> [Problem description] If pictures appear in the lines below, skip them and copy exactly the lines from the one containing "Sữa học đường" through the one containing "corn on cobs agriculture graphic", and nothing else.

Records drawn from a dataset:
________________________

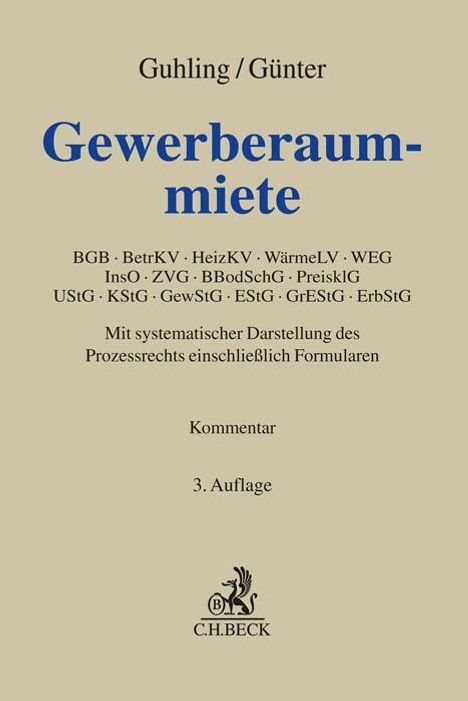 Gewerberaummiete, Buch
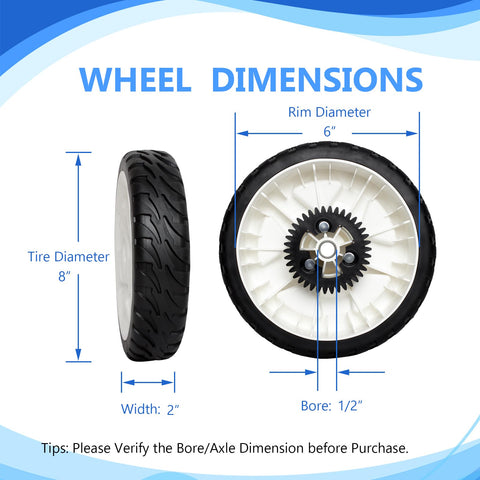 WELOVEHOME plastic gear assembly compatible with Toro parts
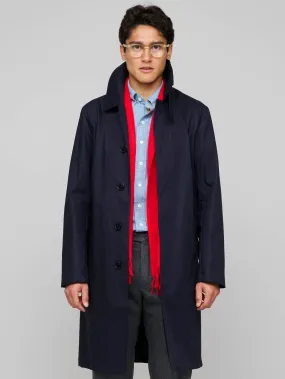 Manchester Raintec Cotton Coat, Navy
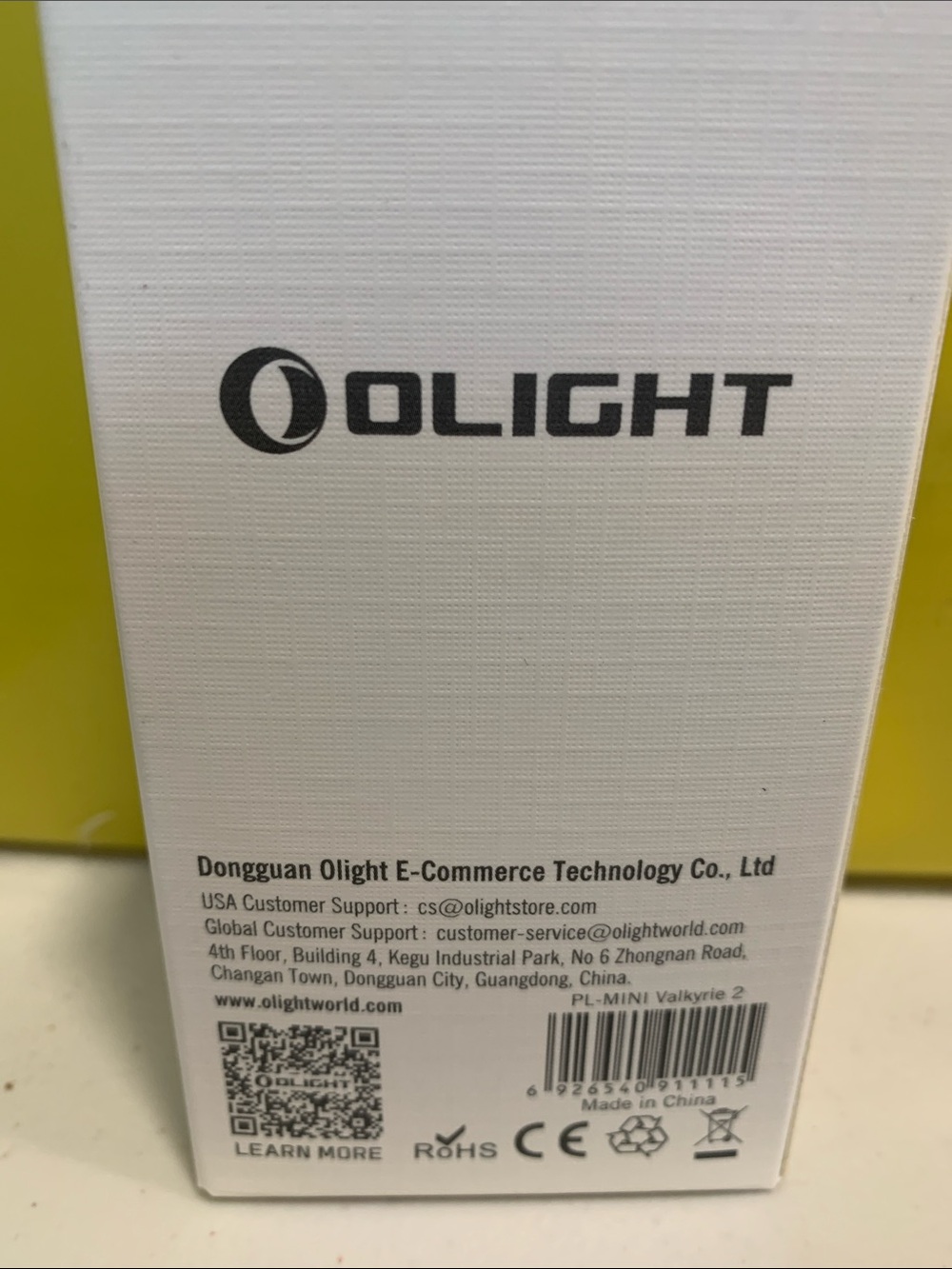 Olight PL-MINI 2 Valkyrie 600 Lumen Weapon Light - Black - Picture 2 of 6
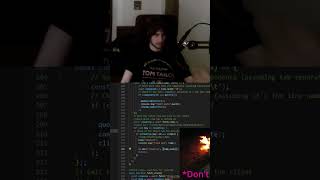 Brackets javascript programming python streamer coding twitch highlights clips typo [upl. by Notxed]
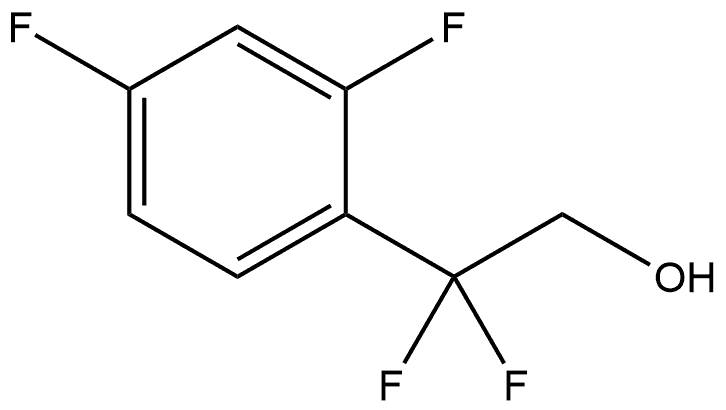 2-(2，4-difluorophenyl)-2，2-difluoroethan-1-ol, 1581274-08-9, 结构式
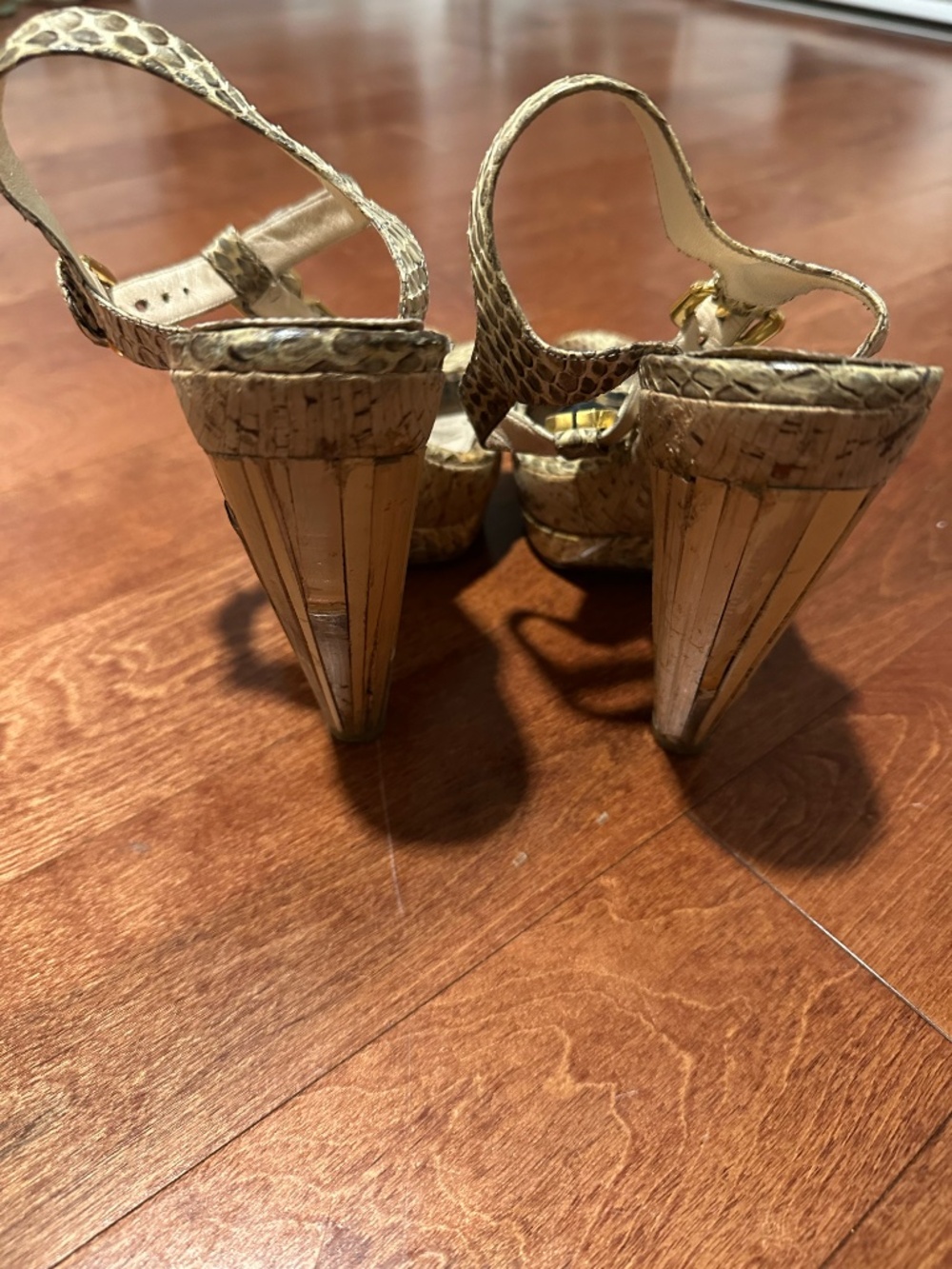 Prada Python Leather Heels size 38 - Picture 3 of 4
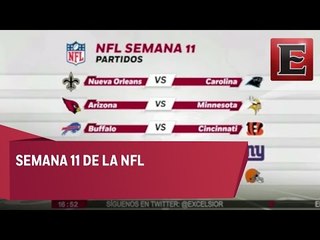 Próximos partidos de la NFL en la semana 11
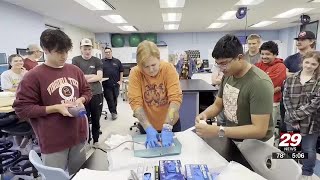 Albemarle high school students get handson EMS experience [upl. by Nnylakcaj]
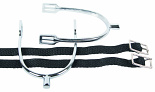 Harry's Horse Sporen staaf verchroomd + riem D15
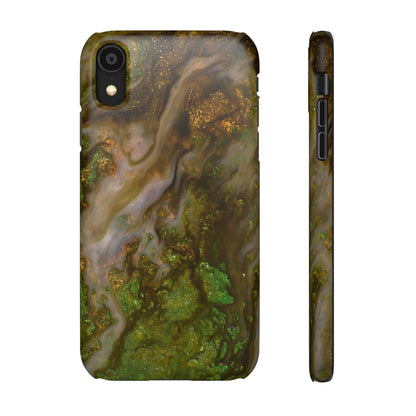 Smaragd Green Ink Art iPhone Case (Slim) iPhone XR Matte Phone Case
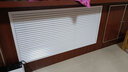 九锤暖气片罩百叶窗铝合金 地暖分水器遮挡罩家用出风口装饰百叶格栅 加厚白色洞口600*1200 实拍图
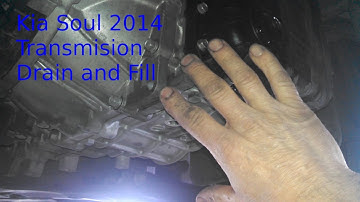 Transmission drain and fill 2014 Kia Soul how to change transmission fluid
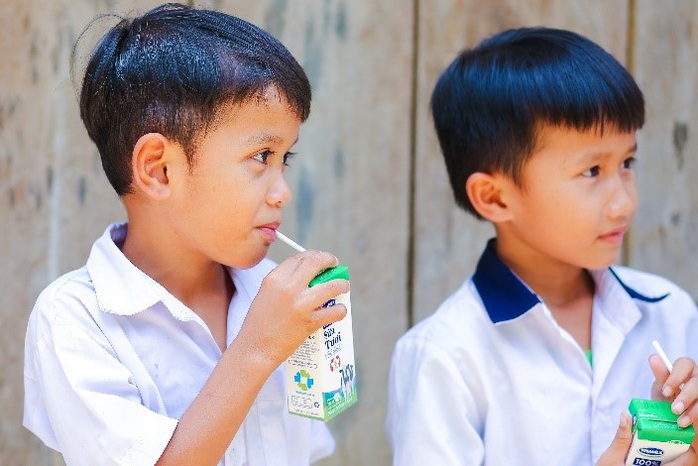 Sữa học đường Quảng Nam: Học sinh miền núi được uống sữa miễn phí - Ảnh 3.
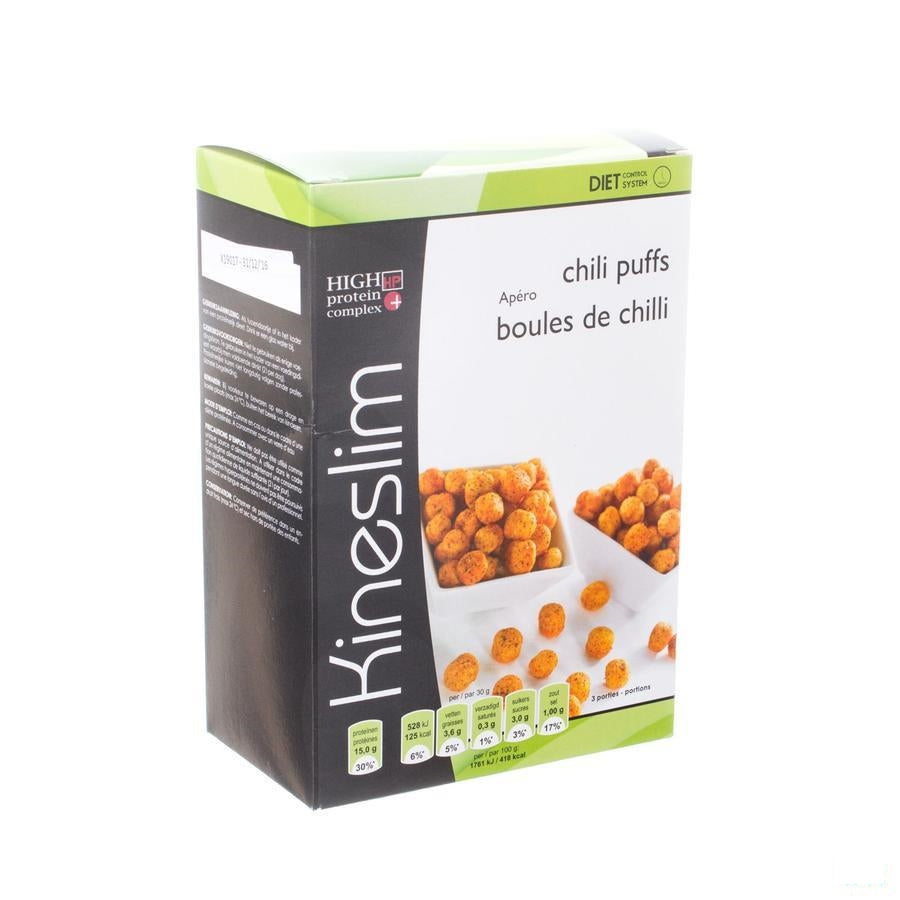 Kineslim Apero Chili Puffs 3x30g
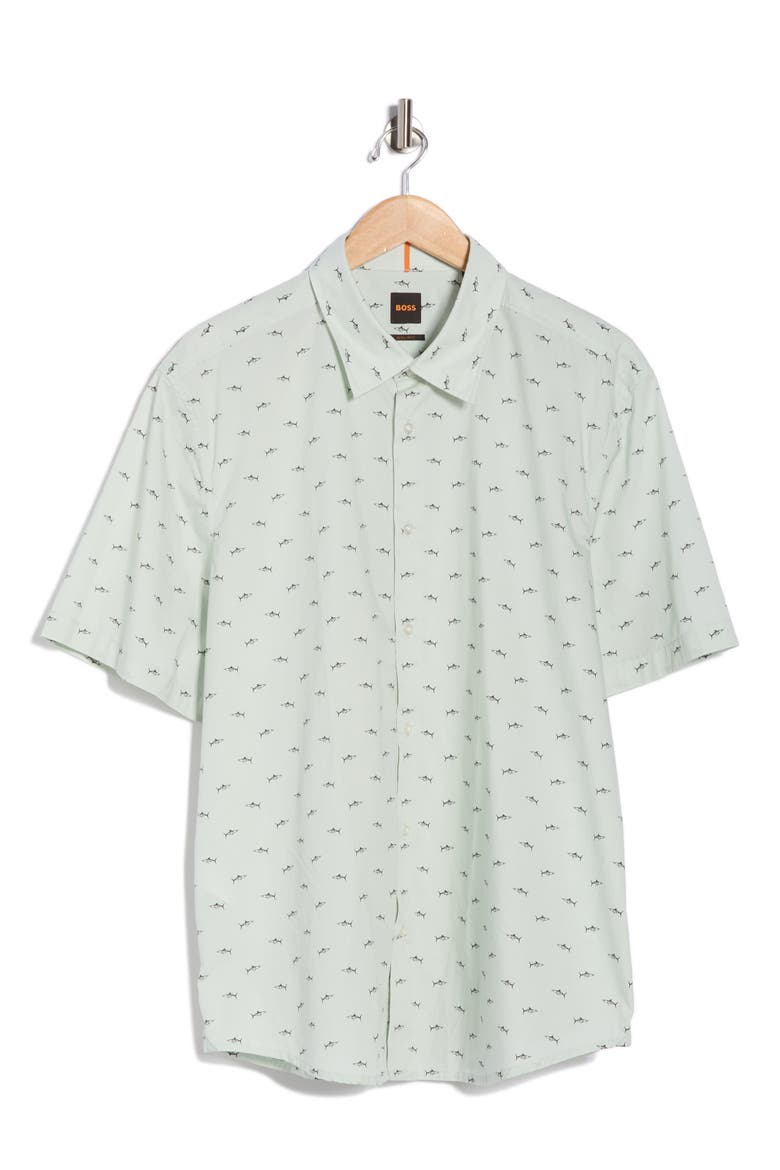 Rash 2 Cotton Poplin Button-Up Shirt, Main, color, OPEN BLUE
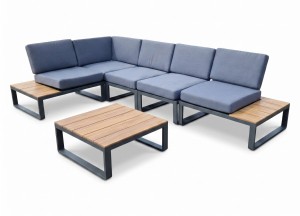 Teakea Tolbert Modulaire Hoekloungeset 5-zits | Teakea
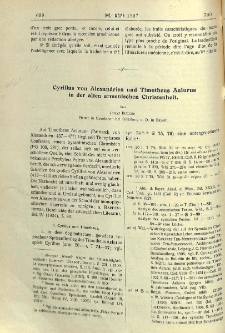 Cyrillus von Alexandrien und Timotheus Aelurus in der alten armenischen Christenheit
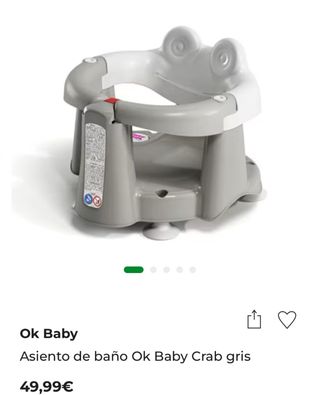 Asiento bebe bañera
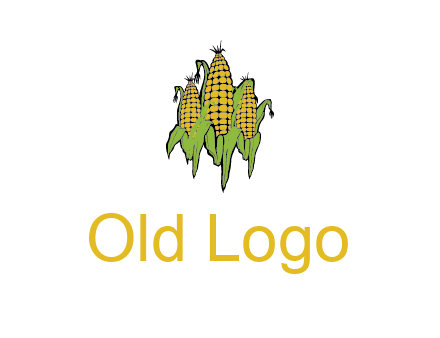 corn on cobs agriculture graphic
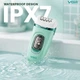 Эпилятор 3в1 VGR V-762 аккумуляторный (эпиляция, бритва, пемза), IPX7, LED-дисплей, подсветка, 2 скорости Green - изображение 11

________________________

> [Your solution]
 Sữa học đường Quảng Nam: Học sinh miền núi được uống sữa miễn phí - Ảnh 3.
 Kineslim Apero Chili Puffs 3x30g
 Rash 2 Cotton Poplin Button-Up Shirt, Main, color, OPEN BLUE
 Teakea Tolbert Modulaire Hoekloungeset 5-zits | Teakea
 Cyrillus von Alexandrien und Timotheus Aelurus in der alten armenischen Christenheit
 Asiento bebe bañera
 corn on cobs agriculture graphic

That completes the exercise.